The latest financial results for Hi-Tech Gears for the quarter ended September 2025 reveal a mixed operational performance. The company reported net sales of ₹240.74 crores, reflecting an 11.69% sequential increase from the previous quarter, indicating some recovery in demand. However, this figure represents a 2.29% decline compared to the same quarter last year, marking the third consecutive quarter of year-on-year revenue contraction.

Net profit for the quarter was ₹6.01 crores, showing a slight sequential improvement of 0.17% from the previous quarter. In contrast, the year-on-year comparison indicates a significant decline of 37% in profitability, raising concerns about the company's ability to maintain its profit levels amidst rising costs and competitive pressures.

Operating margins have also come under pressure, with the operating margin reported at 11.82%, down from 14.60% in the same quarter last year. This decline reflects the challenges the company faces in sustaining pricing power while managing increasing input costs. The profit after tax (PAT) margin decreased to 2.56%, down from 3.96% year-on-year, further highlighting the operational difficulties.

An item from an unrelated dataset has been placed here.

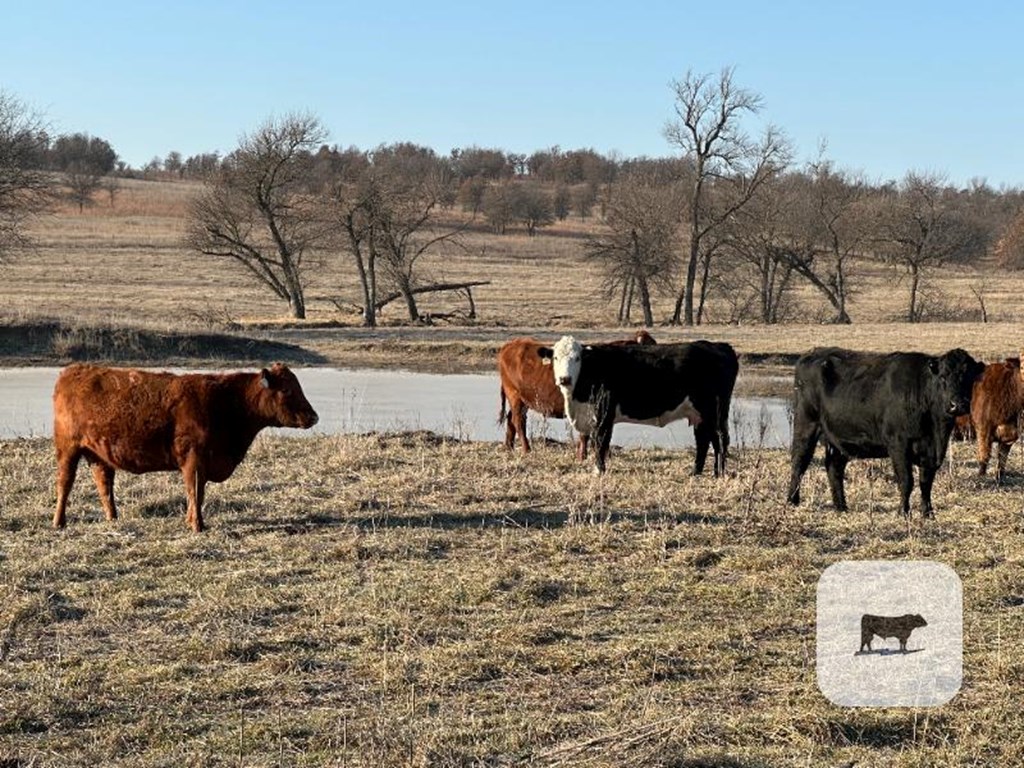 Cattle Range Listing Photo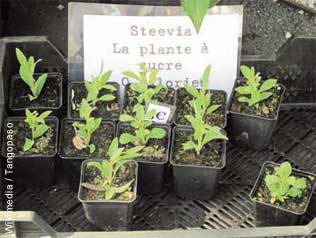 Plants de Stévia au marché de Louhans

Additionally, Hi-Tech Gears has made strides in improving its balance sheet, significantly reducing its long-term debt from ₹219.63 crores to ₹21.69 crores over the past two years. This deleveraging has enhanced the company's interest coverage ratio, providing some financial stability.

Overall, while there are signs of sequential improvement in certain metrics, the year-on-year performance raises concerns about the sustainability of profitability and operational efficiency. The company saw an adjustment in its evaluation, reflecting these ongoing challenges and the broader context of the automotive component sector.